→ **Action item**: Print the entries below exactly as they appear, from the first line up to and including the line with "Hey friends, welcome". Do not print any pictures.

┄┄┄┄┄┄

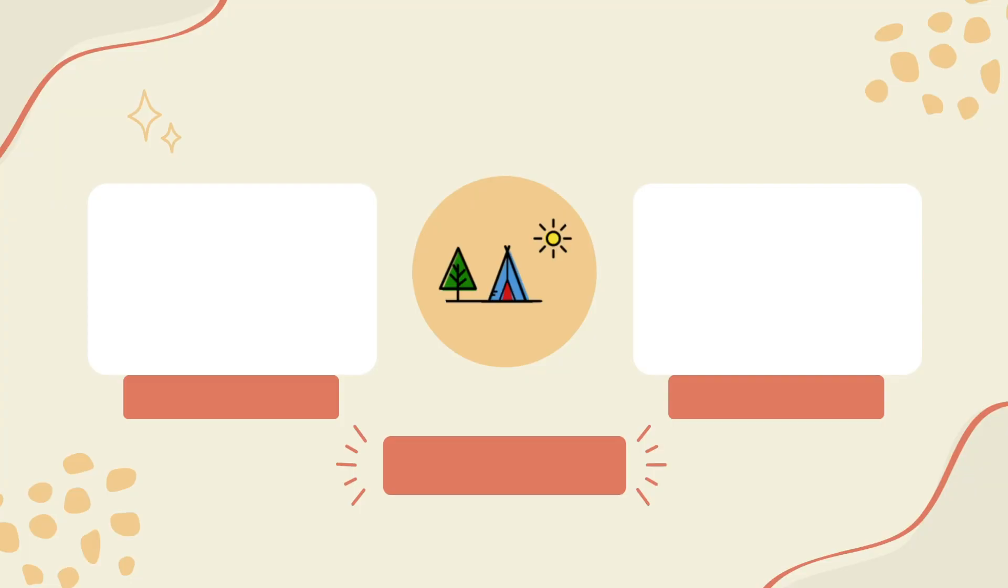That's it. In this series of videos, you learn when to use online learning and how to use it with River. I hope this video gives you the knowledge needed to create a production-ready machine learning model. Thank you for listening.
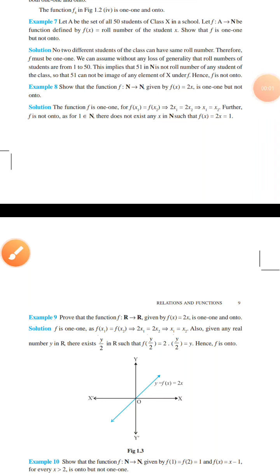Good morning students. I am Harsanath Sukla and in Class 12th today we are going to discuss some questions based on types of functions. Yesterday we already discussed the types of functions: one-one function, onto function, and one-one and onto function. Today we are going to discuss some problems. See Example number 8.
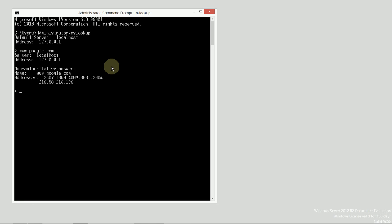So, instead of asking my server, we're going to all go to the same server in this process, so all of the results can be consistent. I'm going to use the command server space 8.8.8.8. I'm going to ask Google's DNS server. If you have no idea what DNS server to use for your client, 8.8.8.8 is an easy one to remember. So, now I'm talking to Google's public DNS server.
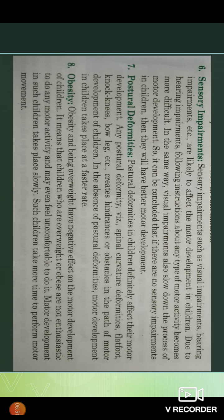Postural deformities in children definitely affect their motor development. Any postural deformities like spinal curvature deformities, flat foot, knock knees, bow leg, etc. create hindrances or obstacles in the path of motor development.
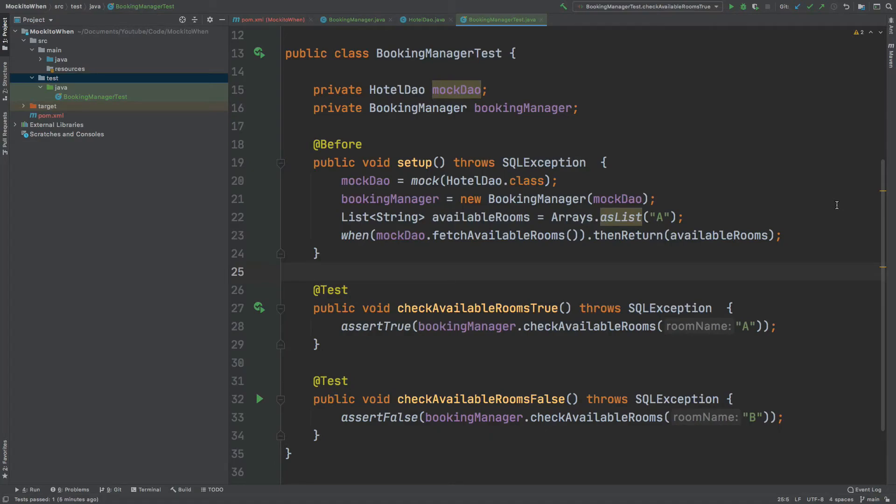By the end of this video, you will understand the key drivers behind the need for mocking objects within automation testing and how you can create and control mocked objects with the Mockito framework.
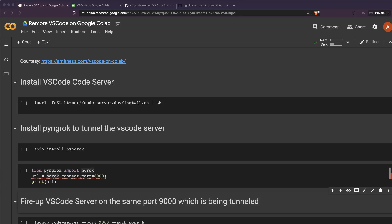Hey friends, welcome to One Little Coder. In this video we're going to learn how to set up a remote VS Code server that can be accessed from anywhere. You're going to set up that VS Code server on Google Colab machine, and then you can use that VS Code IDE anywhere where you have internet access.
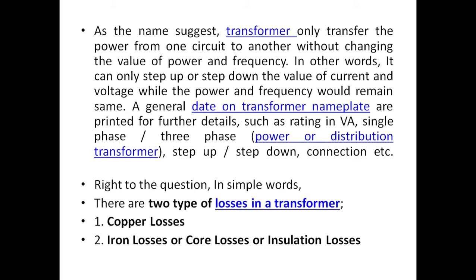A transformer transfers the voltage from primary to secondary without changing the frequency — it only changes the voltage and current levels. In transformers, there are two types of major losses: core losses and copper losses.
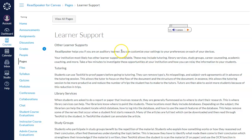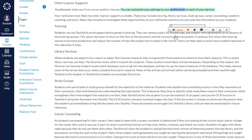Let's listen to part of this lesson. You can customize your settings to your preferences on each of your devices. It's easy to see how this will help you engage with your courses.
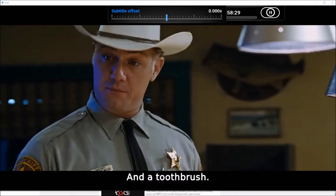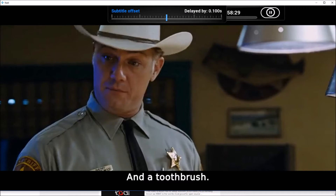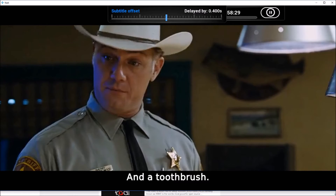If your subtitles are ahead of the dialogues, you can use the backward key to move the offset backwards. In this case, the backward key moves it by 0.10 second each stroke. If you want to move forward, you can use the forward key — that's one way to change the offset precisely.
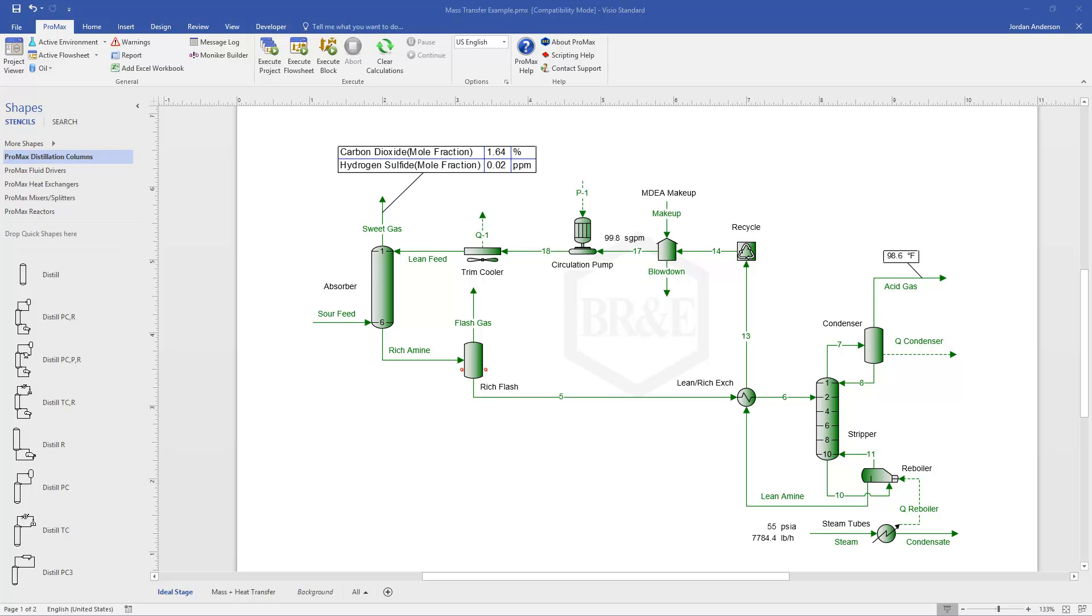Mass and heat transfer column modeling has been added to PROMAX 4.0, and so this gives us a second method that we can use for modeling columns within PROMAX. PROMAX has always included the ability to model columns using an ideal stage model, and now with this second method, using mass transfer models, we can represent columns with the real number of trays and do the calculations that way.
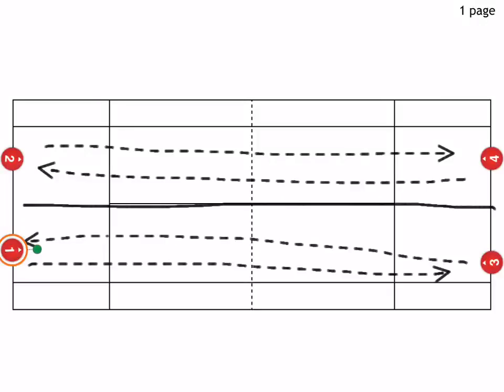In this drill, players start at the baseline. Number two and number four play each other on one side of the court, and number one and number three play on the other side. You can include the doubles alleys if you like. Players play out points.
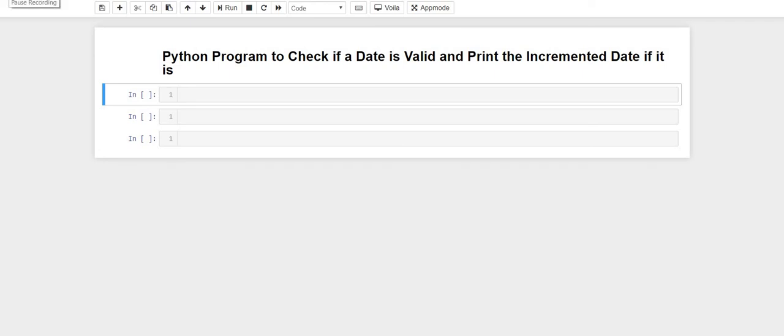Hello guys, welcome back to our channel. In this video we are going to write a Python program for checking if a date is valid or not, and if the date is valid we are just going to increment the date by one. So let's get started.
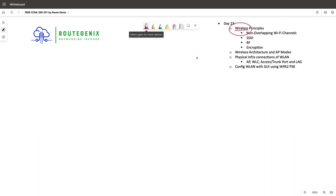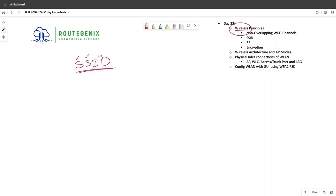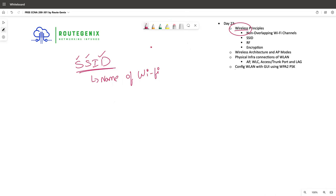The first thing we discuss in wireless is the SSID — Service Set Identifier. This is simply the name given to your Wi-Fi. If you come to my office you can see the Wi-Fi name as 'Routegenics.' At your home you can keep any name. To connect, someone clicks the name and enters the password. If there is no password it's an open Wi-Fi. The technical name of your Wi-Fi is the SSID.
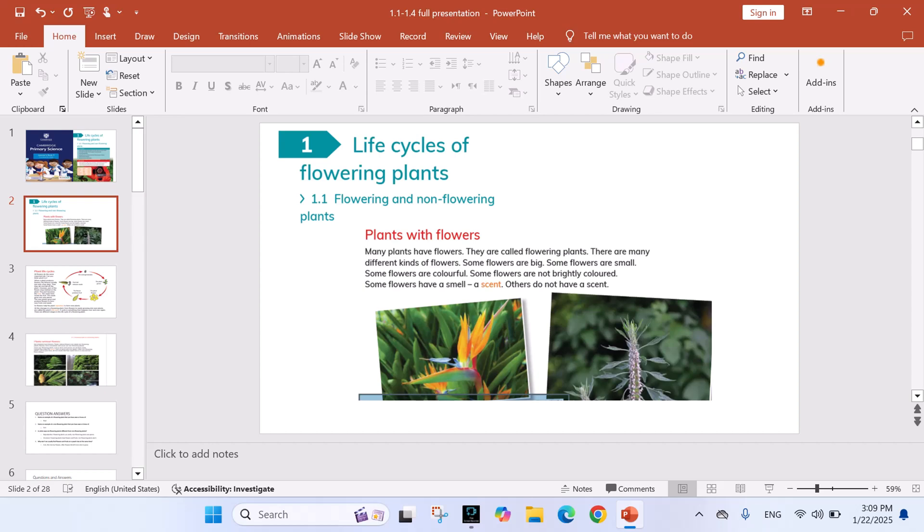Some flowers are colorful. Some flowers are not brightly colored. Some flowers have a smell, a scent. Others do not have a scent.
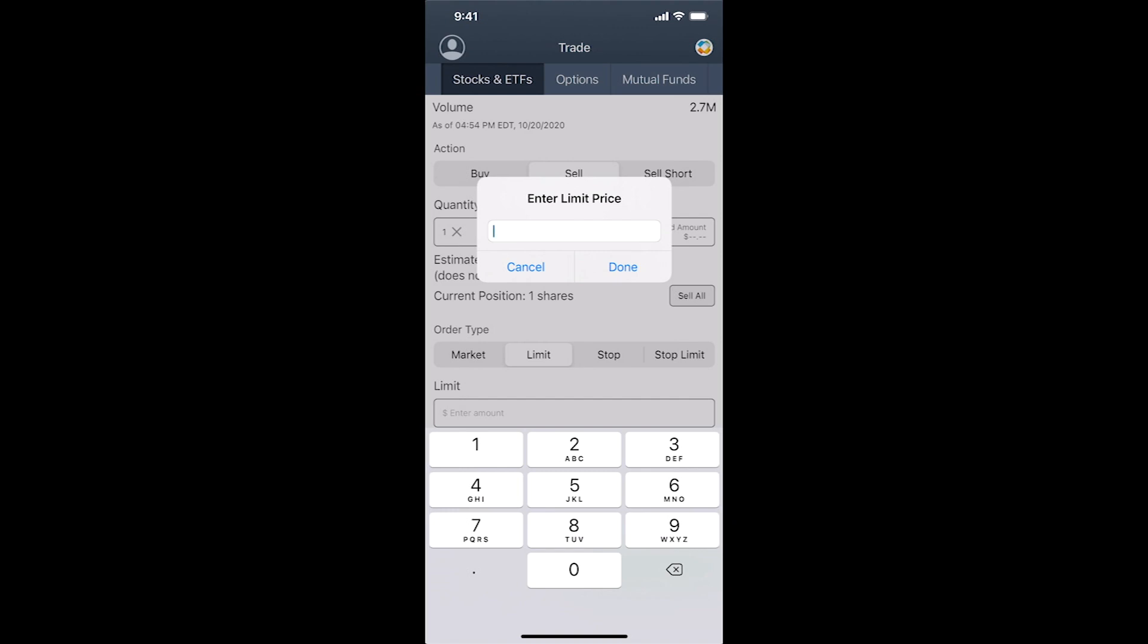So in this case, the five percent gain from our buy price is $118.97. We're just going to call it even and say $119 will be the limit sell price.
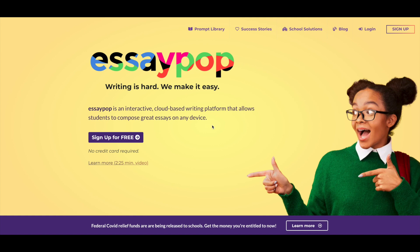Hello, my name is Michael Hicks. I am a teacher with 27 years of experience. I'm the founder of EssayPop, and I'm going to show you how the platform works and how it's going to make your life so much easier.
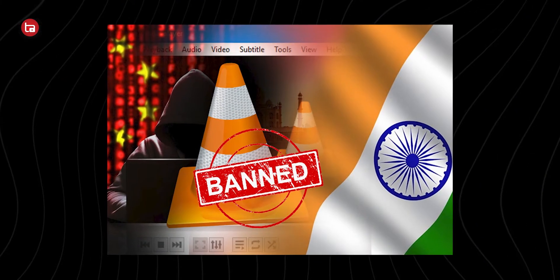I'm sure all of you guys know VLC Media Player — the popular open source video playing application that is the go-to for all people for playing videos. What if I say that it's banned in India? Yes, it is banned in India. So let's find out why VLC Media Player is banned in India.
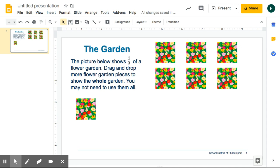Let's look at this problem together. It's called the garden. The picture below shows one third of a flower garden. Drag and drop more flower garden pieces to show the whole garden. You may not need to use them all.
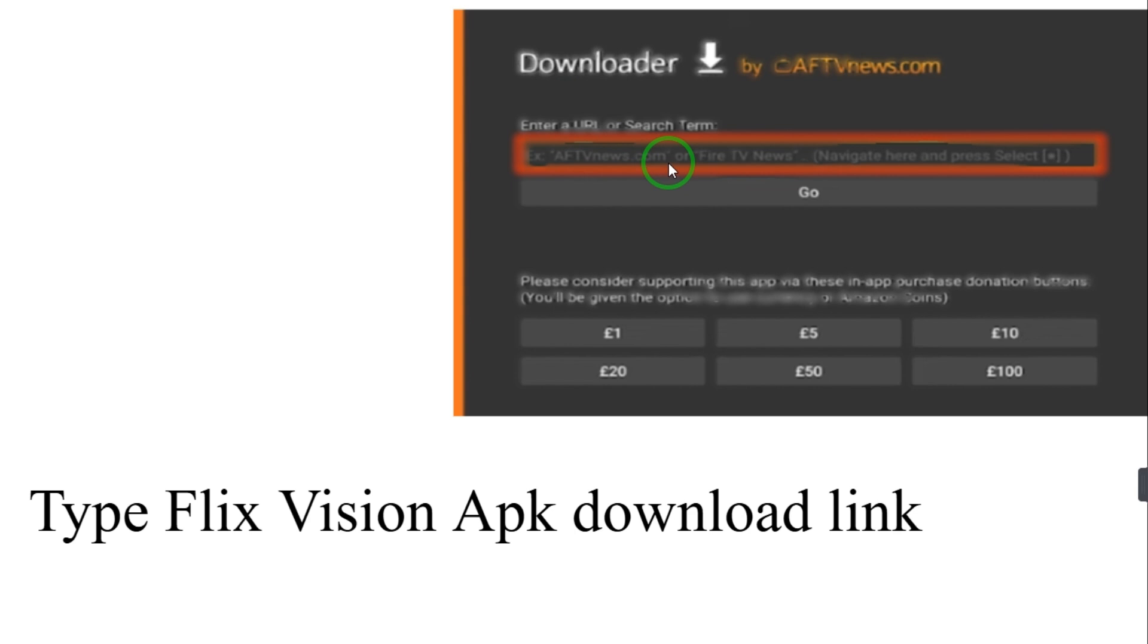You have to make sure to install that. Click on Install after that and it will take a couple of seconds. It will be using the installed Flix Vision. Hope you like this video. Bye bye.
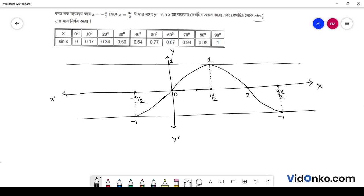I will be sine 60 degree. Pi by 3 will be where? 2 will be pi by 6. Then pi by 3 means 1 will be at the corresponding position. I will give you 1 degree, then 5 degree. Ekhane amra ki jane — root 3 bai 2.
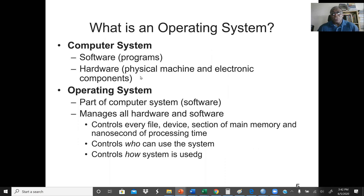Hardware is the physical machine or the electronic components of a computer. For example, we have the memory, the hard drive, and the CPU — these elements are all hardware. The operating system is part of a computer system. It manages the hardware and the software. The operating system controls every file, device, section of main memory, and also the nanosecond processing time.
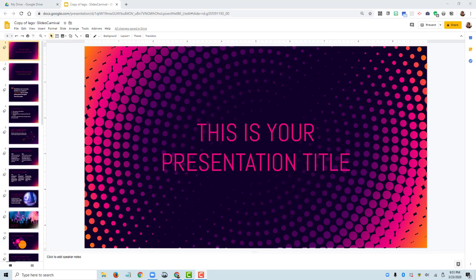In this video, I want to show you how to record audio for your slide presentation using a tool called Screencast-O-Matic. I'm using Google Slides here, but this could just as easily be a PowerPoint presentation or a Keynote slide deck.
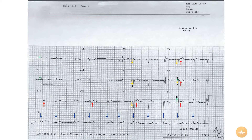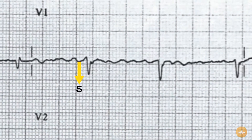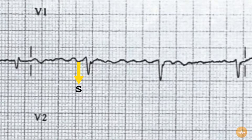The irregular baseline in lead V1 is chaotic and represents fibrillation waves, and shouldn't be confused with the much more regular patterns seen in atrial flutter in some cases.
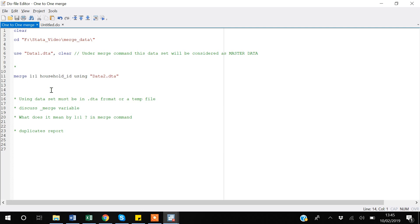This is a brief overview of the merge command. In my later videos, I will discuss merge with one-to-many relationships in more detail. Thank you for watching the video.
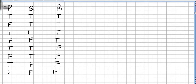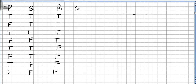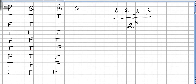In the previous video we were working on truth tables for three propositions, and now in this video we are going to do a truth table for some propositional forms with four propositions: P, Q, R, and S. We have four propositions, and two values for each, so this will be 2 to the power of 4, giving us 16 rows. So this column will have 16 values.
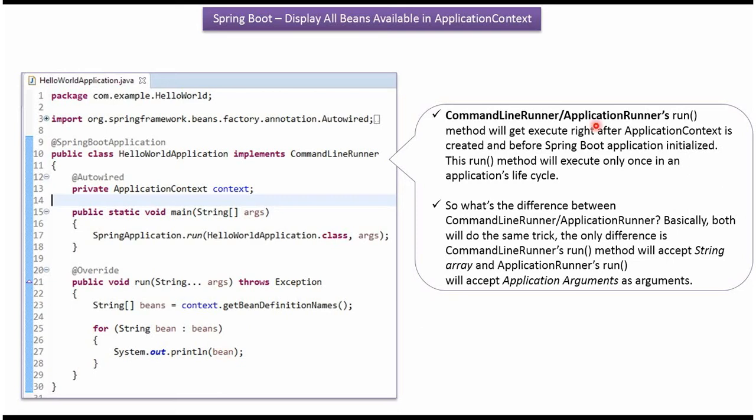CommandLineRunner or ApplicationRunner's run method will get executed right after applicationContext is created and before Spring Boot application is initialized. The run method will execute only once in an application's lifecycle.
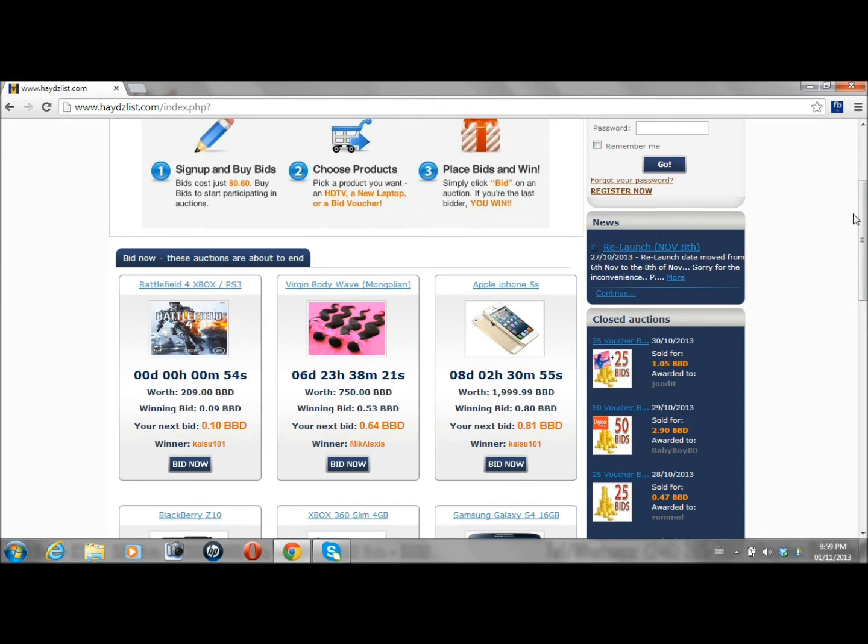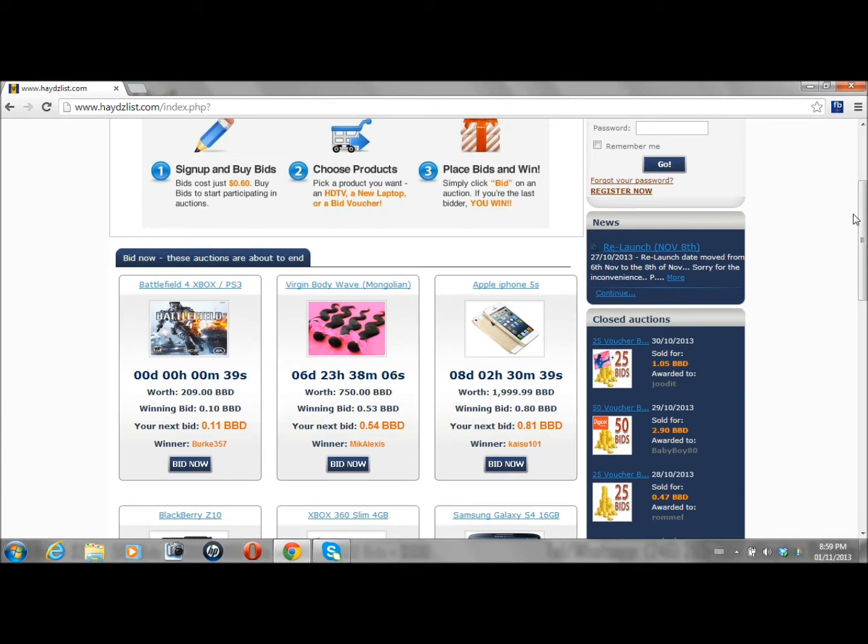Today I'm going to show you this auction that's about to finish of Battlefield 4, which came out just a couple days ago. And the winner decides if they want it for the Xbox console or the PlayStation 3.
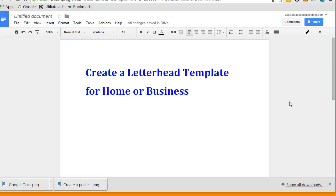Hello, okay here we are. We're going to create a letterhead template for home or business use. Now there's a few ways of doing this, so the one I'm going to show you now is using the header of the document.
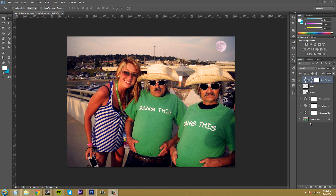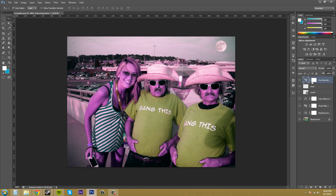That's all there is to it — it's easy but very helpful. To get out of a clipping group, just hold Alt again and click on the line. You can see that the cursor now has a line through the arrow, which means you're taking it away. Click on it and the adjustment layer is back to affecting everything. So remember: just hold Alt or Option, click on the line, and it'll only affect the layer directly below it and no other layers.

┄┄┄┄┄┄

→ **Result below**:
That's it. In this series of videos, you learn when to use online learning and how to use it with River. I hope this video gives you the knowledge needed to create a production-ready machine learning model. Thank you for listening.
Good morning students. I am Harsanath Sukla and in Class 12th today we are going to discuss some questions based on types of functions. Yesterday we already discussed the types of functions: one-one function, onto function, and one-one and onto function. Today we are going to discuss some problems. See Example number 8.
So, instead of asking my server, we're going to all go to the same server in this process, so all of the results can be consistent. I'm going to use the command server space 8.8.8.8. I'm going to ask Google's DNS server. If you have no idea what DNS server to use for your client, 8.8.8.8 is an easy one to remember. So, now I'm talking to Google's public DNS server.
Postural deformities in children definitely affect their motor development. Any postural deformities like spinal curvature deformities, flat foot, knock knees, bow leg, etc. create hindrances or obstacles in the path of motor development.
By the end of this video, you will understand the key drivers behind the need for mocking objects within automation testing and how you can create and control mocked objects with the Mockito framework.
Hey friends, welcome to One Little Coder. In this video we're going to learn how to set up a remote VS Code server that can be accessed from anywhere. You're going to set up that VS Code server on Google Colab machine, and then you can use that VS Code IDE anywhere where you have internet access.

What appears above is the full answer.